Düsseldorf/Barcelona · Ab Montag kommt in Barcelona die Elite der Telefon- und Handykonzerne zusammen. Der Datenverkehr geht extrem hoch, Smartphones werden noch besser – und ein vielversprechendes neues Betriebssystem kommt auf den Markt.

Mobilfunknetze sind stabil? Sicher ist sich die Branche nicht. Besucher des am Montag beginnenden "Mobile World Congress" erfahren ausdrücklich, dass auf der global wichtigsten Mobilfunk-Messe das stationäre W-Lan-Netz ausgebaut wurde. Sprich: Auf die echten Handy-Netze soll man nicht angewiesen sein.

Der Hinweis bestätigt, wie der Boom von Smartphones und Tablet-PC sowie Laptop mit Mobilfunkmodem zunimmt. Am Donnerstag stellte Google den Laptop Chromebook Pixel vor, der Daten fast komplett im Internet speichert – das geht nur mit massenhaft Datentransfer unterwegs. Apple ließ eine Datenuhr patentieren – auch das Gerät würde Kapazitäten brauchen.

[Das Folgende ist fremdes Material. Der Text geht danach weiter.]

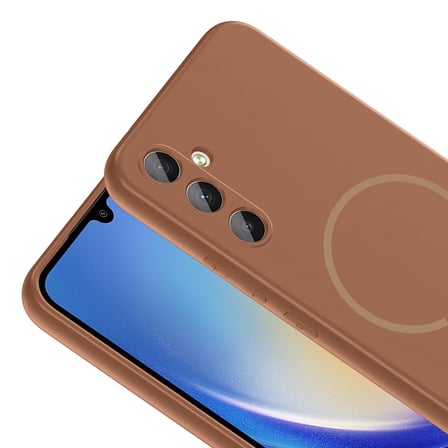 Galaxy A24 Kılıf MagSafe Destekli Kamera Korumalı Yumuşak Silikon Pazarplus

Mindestens 600 Millionen Smartphones werden dieses Jahr weltweit abgesetzt werden – vor vier Jahren war es weniger als die Hälfte. Nokia erweitert zur Mobile World seine Lumia-Familie rund um Windows Phone, Sony bringt neue Geräte, Blackberry greift wieder an, Samsung folgt kurz nach der Messe mit dem erwarteten Galaxy-S4-Spitzenmodell – mehr als 20 neue Smartphones kommen aktuell auf den Markt.

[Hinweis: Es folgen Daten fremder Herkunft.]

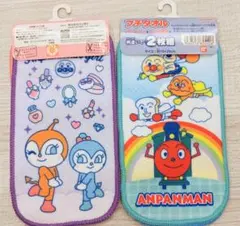 【新品】アンパンマン プチタオル 2枚組　2セット(4枚)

Der Trend: Immer größere, hochauflösende Displays werden fast schon Standard, Kameras mit bis zu 13 Megapixel sowie Acht-Kern-Prozessoren sind keine Seltenheit, besonders schnelle Datenübertragung über die neue Technik LTE kommt in Mode, brauchbare Geräte gibt es aber gleichzeitig aber schon ab 100 Euro. "Das Handy ist der moderne Computer für viele Menschen", sagt Roman Friedrich, Partner der Strategieberatung Booz, "doch die immer höhere Datennutzung treibt die Netze an ihre Belastungsgrenzen."

Was das bedeutet, merkt Friedrich regelmäßig bei der Fahrt in sein Büro am Düsseldorfer Medienhafen: "Immer häufiger verliert mein Smartphone den Kontakt zum Mobilfunknetz. Der Smartphone-Boom hat gerade in den Großstädten schon einige Nachteile."

Im Trend verändert sich damit der Wettbewerb der Telefonkonzerne. "Deutschland wird zur digitalen Gesellschaft. Über die Hälfte aller deutschen Internetnutzer geht bereits mit Smartphone oder Tablet mobil ins Netz und der Anteil wächst schnell weiter", sagt Jens Schulte-Bockum, Deutschland-Chef von Vodafone.

Die Folge: Erstens differenziert sich die Branche mehr als vor Jahren auch durch die Qualität der Netze. Vodafone und Telekom liegen vorne bei LTE und investieren so viel wie seit Jahren nicht, O2 hinkt etwas hinterher, E-Plus hat keine Alternative, als nun mit vielen Hundert Millionen Euro stark aufzurüsten.

Zweitens setzen alle Wettbewerber vorrangig auf Datenpakete, um Kunden zu ködern. "Reine Sprache zählt nicht mehr viel", sagt Berater Friedrich, "die neuen Umsätze kommen aus dem Datengeschäft."

Dabei verabschiedet sich die Branche langsam von echten Flatrates. Bei immer mehr Angeboten wird das Surf-Tempo ab einem bestimmten "verbrauchten" Datenvolumen gedrosselt. Vielsurfer und professionelle Nutzer mag das stören – oder sie zahlen Aufschläge – , viele andere Kunden müssen das fast begrüßen: Denn nur wenn Extremnutzer die Netze nicht überlasten, bleibt die mobile Datenautobahn für die Masse attraktiv.